J'ai alors vu l'autre facette, le côté sombre, de ce système de travailleurs migrants et la détresse de ces femmes, qui sont malheureusement parfois (souvent ?) victimes de maltraitance physique et psychologique. Certaines situations sont extrêmes et les suicides ou tentatives de suicide sont malheureusement fréquents. C'est très difficile. Je suis heureuse d'avoir pu aider, mais en même temps frustrée de ne pas pouvoir faire plus. On a parfois envie de tout casser tellement les conditions sont aberrantes et inhumaines.

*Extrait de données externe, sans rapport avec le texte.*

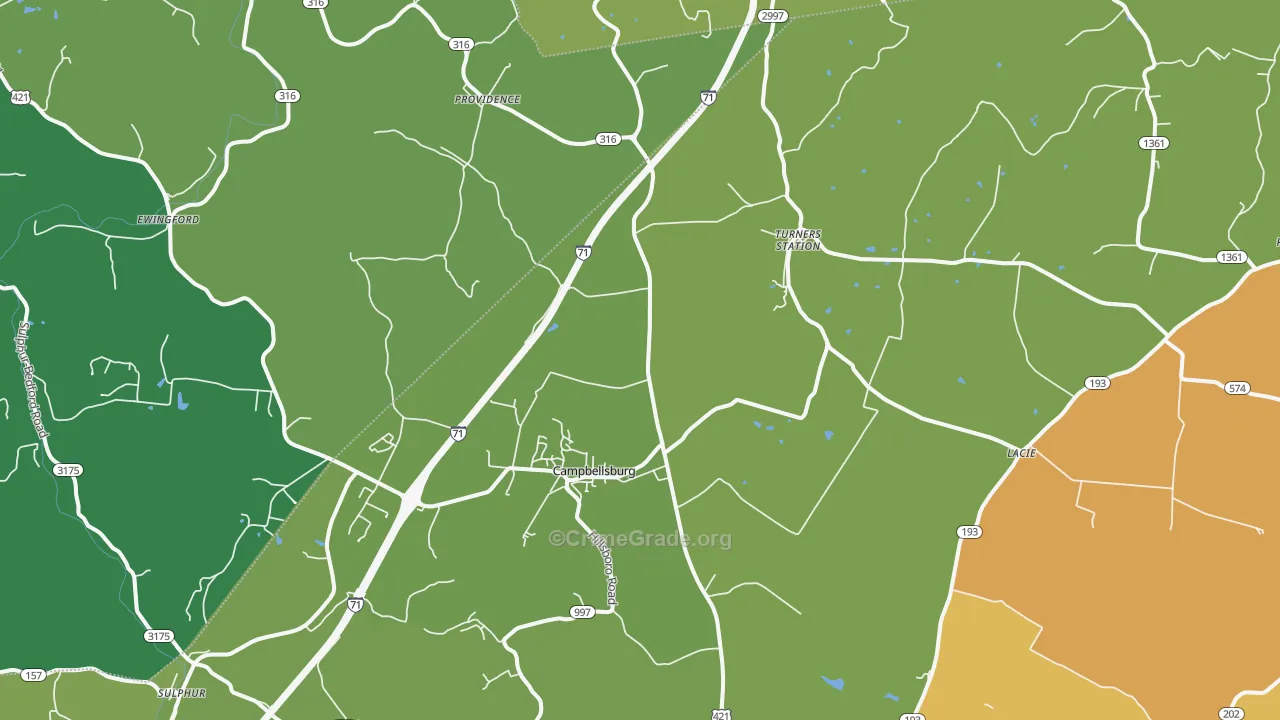 Campbellsburg, KY Map of Murder Rates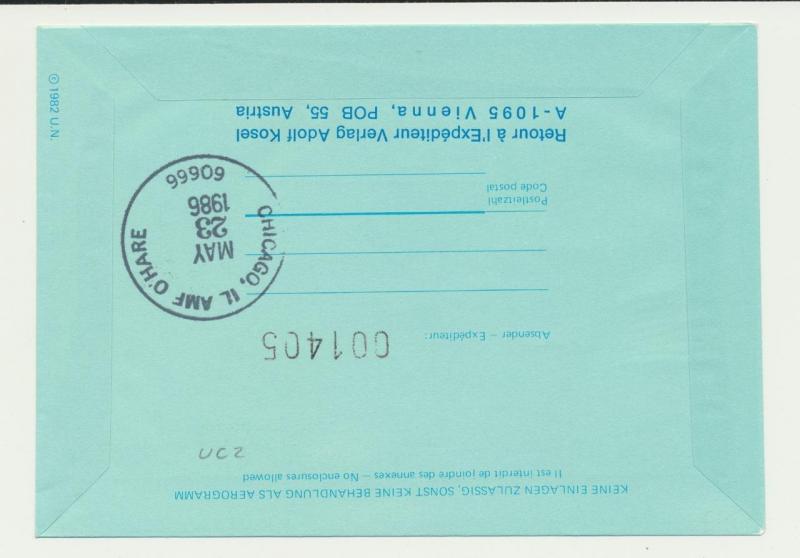 UN VIENNA1986 SPECIAL AMERIPEX FLIGHT AEROGRAMME, SCARCE ON GENEVA UC-2 SURCHARG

Helpers, de Séverine Grandgeorge, Sudarènes éditions, février 2017.
Pouvez-vous nous présenter votre roman en quelques mots ?
- C'est un roman fiction, basé sur des faits réels. J'ai utilisé les vrais témoignages de différentes helpers, que j'ai mélangés pour créer des personnages. Le livre raconte la vie à Singapour de six helpers, leur histoire depuis leur arrivée jusqu'à leur départ. On passe d'un personnage à l'autre à chaque chapitre, et l'histoire est relatée du point de vue des helpers. Elles racontent leur quotidien, les tâches qu'elles doivent exécuter, leur relation avec l'employeur, etc. Elles donnent aussi leur vision de la vie à Singapour, ce qu'elles apprécient, ce qui les surprend, leurs critiques et la façon dont elles sont vues par leurs employeurs et par les gens en général. Ce sont des tranches de vie, des fragments de quotidien.
Certaines sont heureuses d'être ici, en sécurité, et de gagner de l'argent, mais leur vie personnelle est difficile. Elles souffrent en particulier de la solitude et de l'éloignement de leur famille. Et il y a des histoires qui tournent mal, comme dans la réalité. Tous les évènements, les maltraitances, les abus et les punitions du livre sont tirés de témoignages réels. Je n'ai rien inventé. Il y a des moments légers, de l'humour et des rires, mais c'est vrai que, globalement, c'est un portrait assez noir.
N'avez-vous pas peur de tomber parfois dans le cliché ?
- Je ne sais pas, et à vrai dire cliché ou pas, tant pis. Je n'ai aucune prétention d'être écrivain ou d'avoir fait un travail journalistique. J'avais simplement envie, et besoin, de parler des helpers, de raconter l'existence de ces petites mains, qui sont importantes dans la vie des gens et pour l'économie du pays, et qui ne comptent pour rien, absolument rien. Je ne prétends pas non plus donner une vision objective de la situation de ces femmes, mais je me suis efforcée de me mettre à leur place.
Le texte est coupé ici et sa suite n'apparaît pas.